L'editoriale dell'elefantino
La verità sulla politica nella giustizia
Finché non sentiremo i magistrati riconoscere che ci sono guasti da riparare, che qualcosa bisogna fare, faremo bene a fidarci di più del potere legislativo, che almeno è sottoposto ogni tanto al controllo elettorale
I magistrati protestano contro le riforme proposte dal potere legislativo. Va bene. Ammettiamo che non siano una categoria affetta storicamente da una cultura o sottocultura eversiva, e che la loro sia esclusivamente una preoccupazione a tutela del livello di legalità da difendere. Affermiamo per di più che non c’è corporativismo nella rivolta e nello sciopero contro l’intervento sulle loro carriere. Affermiamolo per comodità di ragionamento e per estremo sforzo di imparzialità argomentativa. Bisogna tuttavia ammettere che in tutte le democrazie o simili le avventure della giurisdizione in relazione alla politica sono burrascose. Un fatto, incontrovertibile. Per decenni qui ci siamo esercitati nel segnalare gli indici meteorologici e ciclonici quotidiani. Quando c’era Lui, cari voi, quando dominava il Cav., dal governo o più spesso dall’opposizione, la fantasia nazionale era quella del conflitto di interessi. Dossier totalmente abrogato dallo sviluppo degli avvenimenti nel mondo. E questa fantasia era condita da sapori giuridicamente forti: evasione fiscale, finanziamento irregolare della politica, traffico di influenze, come si dice oggi, corruzione della magistratura. Addirittura, e qui si rideva, Cosa Nostra di Brianza. Anche edilizia e televisione commerciale chissà da dove erano arrivate, il genio e il talento e la squadra erano esclusi dal novero delle cause, qualcosa sotto “Drive In” e Milano due e “Beautiful” doveva pur esserci. Così per trent’anni abbiamo vissuto di pane, giustizia, ingiustizia e buona e cattiva politica, ma è l’intreccio che conta. L’Italia sembrava un caso unico al mondo, fra classi dirigenti per bene e magistrature impeccabili per ogni dove tranne che da noi.

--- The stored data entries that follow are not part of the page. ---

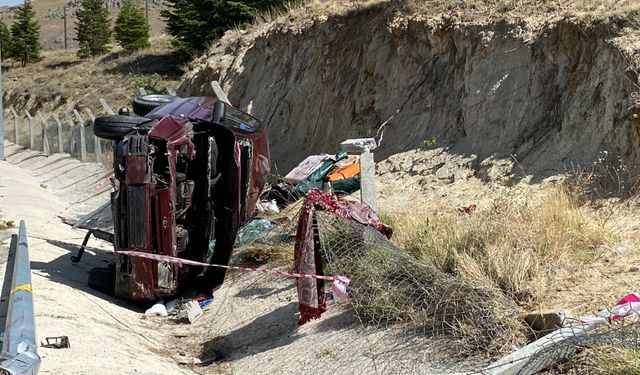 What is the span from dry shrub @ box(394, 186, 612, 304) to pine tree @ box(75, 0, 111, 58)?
54.1m

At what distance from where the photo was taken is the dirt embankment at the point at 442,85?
1205 centimetres

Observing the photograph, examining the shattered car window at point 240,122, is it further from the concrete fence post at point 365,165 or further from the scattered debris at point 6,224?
the scattered debris at point 6,224

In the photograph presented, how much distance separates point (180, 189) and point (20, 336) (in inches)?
184

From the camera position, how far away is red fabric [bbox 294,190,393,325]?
26.0 feet

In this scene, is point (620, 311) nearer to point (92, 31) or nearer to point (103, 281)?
point (103, 281)

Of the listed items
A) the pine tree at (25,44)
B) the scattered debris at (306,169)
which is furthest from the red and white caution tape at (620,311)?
the pine tree at (25,44)

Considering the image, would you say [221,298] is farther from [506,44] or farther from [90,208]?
[90,208]

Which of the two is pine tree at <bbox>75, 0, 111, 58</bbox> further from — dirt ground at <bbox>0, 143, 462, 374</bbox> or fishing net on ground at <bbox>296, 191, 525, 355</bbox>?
fishing net on ground at <bbox>296, 191, 525, 355</bbox>

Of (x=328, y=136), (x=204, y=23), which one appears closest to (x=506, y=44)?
(x=328, y=136)

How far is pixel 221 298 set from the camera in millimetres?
10281

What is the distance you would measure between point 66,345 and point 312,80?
13020mm

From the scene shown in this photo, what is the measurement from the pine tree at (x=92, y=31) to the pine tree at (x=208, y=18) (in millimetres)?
21058

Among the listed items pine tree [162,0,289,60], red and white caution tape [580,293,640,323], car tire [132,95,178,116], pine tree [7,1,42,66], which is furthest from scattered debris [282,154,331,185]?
pine tree [7,1,42,66]

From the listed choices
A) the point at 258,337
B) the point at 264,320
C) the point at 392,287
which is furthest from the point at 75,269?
the point at 392,287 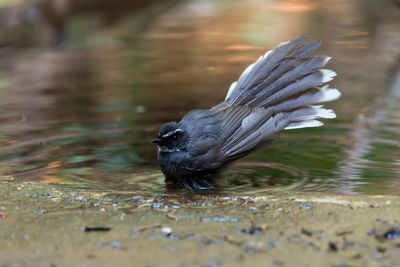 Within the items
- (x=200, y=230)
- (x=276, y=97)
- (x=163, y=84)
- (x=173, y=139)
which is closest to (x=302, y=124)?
(x=276, y=97)

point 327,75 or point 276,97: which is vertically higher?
point 327,75

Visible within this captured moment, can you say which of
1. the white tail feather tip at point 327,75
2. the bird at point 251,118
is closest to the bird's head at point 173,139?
the bird at point 251,118

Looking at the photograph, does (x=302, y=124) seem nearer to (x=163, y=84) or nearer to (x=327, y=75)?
(x=327, y=75)

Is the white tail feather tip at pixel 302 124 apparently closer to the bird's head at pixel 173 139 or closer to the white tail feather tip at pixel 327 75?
the white tail feather tip at pixel 327 75

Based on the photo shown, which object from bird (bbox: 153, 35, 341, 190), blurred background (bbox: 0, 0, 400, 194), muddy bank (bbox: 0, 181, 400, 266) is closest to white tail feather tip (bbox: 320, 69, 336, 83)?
bird (bbox: 153, 35, 341, 190)

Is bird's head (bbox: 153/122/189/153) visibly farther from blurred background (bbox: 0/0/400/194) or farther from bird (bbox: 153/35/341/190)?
blurred background (bbox: 0/0/400/194)

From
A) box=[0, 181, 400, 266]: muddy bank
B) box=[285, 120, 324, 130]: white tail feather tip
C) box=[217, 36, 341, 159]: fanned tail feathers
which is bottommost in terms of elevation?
box=[0, 181, 400, 266]: muddy bank

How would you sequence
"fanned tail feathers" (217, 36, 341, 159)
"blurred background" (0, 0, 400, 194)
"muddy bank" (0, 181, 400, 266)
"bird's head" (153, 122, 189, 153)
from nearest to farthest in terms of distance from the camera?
"muddy bank" (0, 181, 400, 266) → "fanned tail feathers" (217, 36, 341, 159) → "bird's head" (153, 122, 189, 153) → "blurred background" (0, 0, 400, 194)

Ora Trump si è fatto dare dal popolo pieni poteri per combattere tra l’altro la weaponisation della malagiustizia, e si prepara a castigare i reprobi di un sistema fondato sulla separazione delle carriere e sull’elezione dei magistrati e su una tradizione di rispetto per la loro giurisdizione quasi assoluta. Brutta faccenda quando i Barabba, i colpevoli, vengono scelti per il comando.
Ma che dire del socialista Sánchez e della sua affascinante moglie Begoña e della sua denuncia della malagiustizia? Che dire del ridente ex presidente Sarkozy, il cui sarcasmo è stato intrappolato, a suo dire, per ragioni politiche? Che dire delle decine di uomini di sinistra, e donne, che sono stati accusati, si è poi visto con qualche leggerezza, di brutti reati, e invalidati, e colpiti e affondati? Che dire delle battaglie tra magistrati, delle reciproche accuse di loscaggine, delle condanne dei cavalieri dell’apocalisse mediatico-politica? Problemi tra giustizia e politica sono emersi in modo spettacolare ovunque, e la politica nella giustizia, meglio, nella sua amministrazione, si è fatta vedere in modo spesso osceno dal caso Palamara al caso Davigo. Nessuno è colpevole fino a prova contraria, diciamo così, ma nessuno in questa materia è innocente, è provato che c’è una questione da risolvere.
I magistrati fanno finta di non esserne consapevoli. Continuano a dirci che fanno solo il loro mestiere e che gli si vogliono mettere i bastoni fra le ruote per farsi gli affari propri con mezzi e risorse pubbliche, brandiscono la Costituzione, che hanno fatto o scritto i parlamentari, compresi gli articoli sacrosanti sull’immunità, e non il Csm. Sono stati avvertiti, criticati, da presidenti della Repubblica, da uomini del sistema, da uomini contro il sistema, da altri magistrati in vena di denuncia, da semplici cittadini che hanno perso fiducia nella imparzialità della giustizia, e loro fanno finta di niente e si riparano dietro la cortina fumogena e mediatica e dietro le pratiche a difesa presso il parlamentino delle correnti e il loro sindacato. Non è una cosa seria. Finché non sentiremo i magistrati riconoscere che ci sono guasti da riparare, che qualcosa bisogna fare, faremo bene a fidarci di più del potere legislativo, che almeno è sottoposto ogni tanto al controllo elettorale.